*THE DATA*.
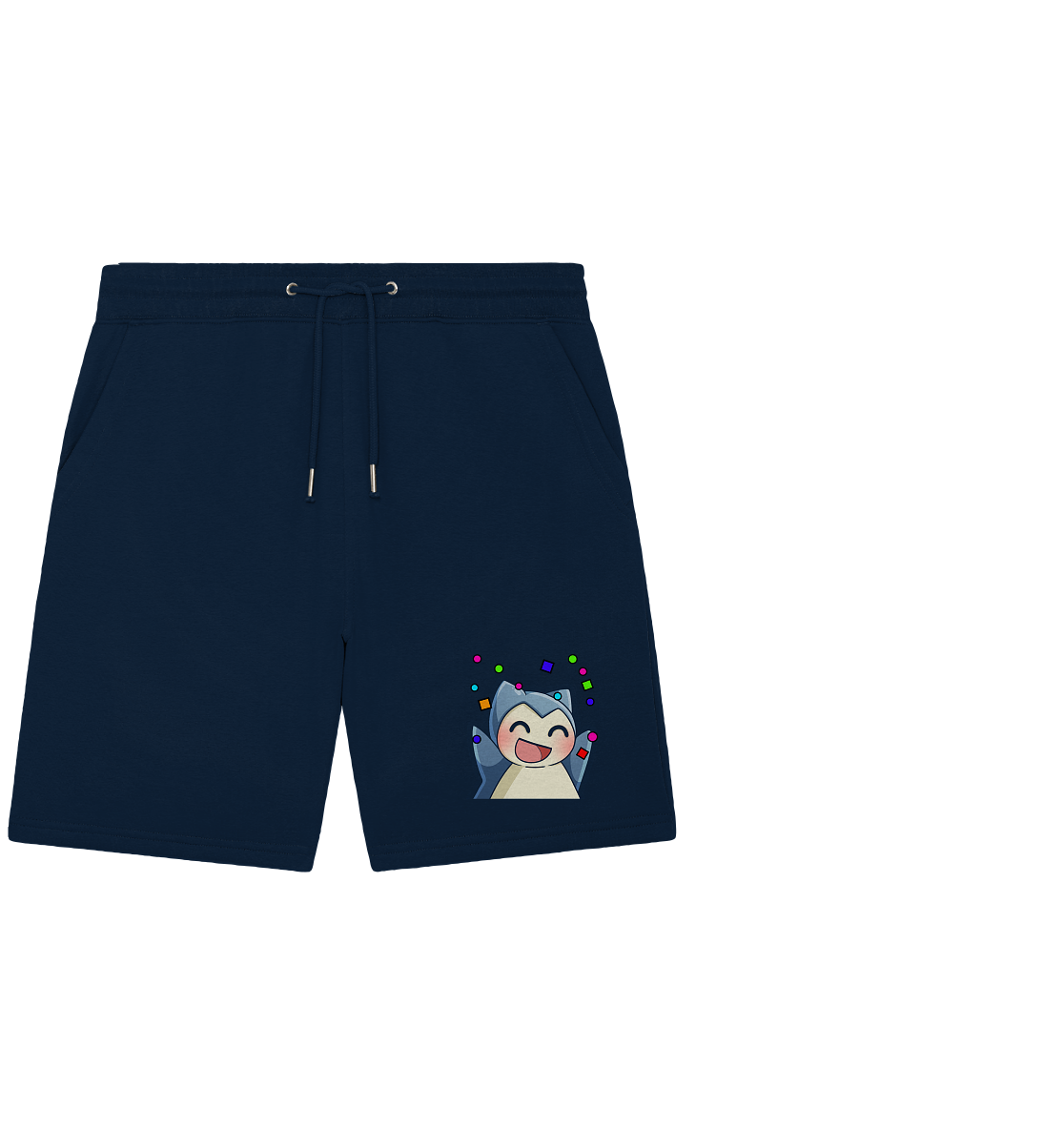Rylixo Hype - Organic Jogger Shorts
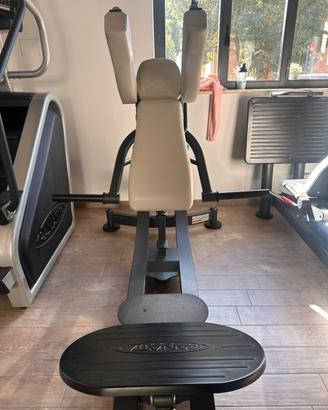 Power Squat Panatta linea Freeweight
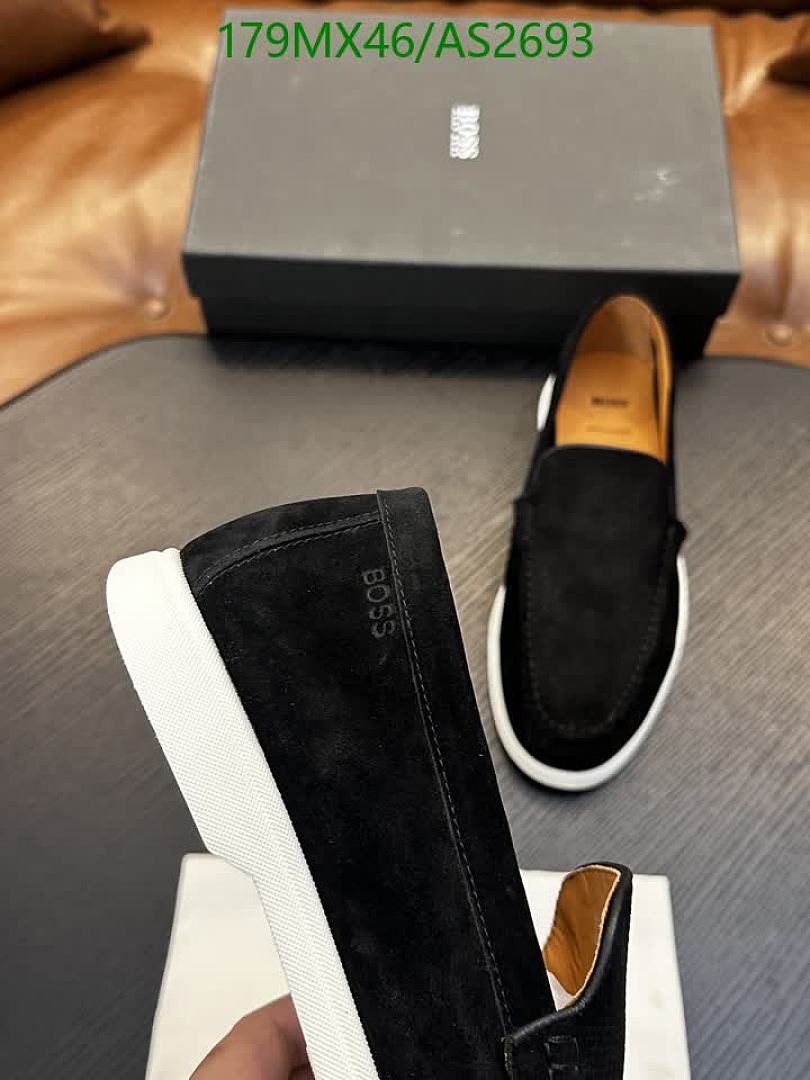 Boss-Men shoes Code: AS2693 $: 179USD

*ASSIGNMENT*. Only the text of the listing above is copied, exactly as written; its pictures are dropped.

*SOLUTION TO THE EXERCISE*.
Rylixo Hype - Organic Jogger Shorts
 Power Squat Panatta linea Freeweight
 Boss-Men shoes Code: AS2693 $: 179USD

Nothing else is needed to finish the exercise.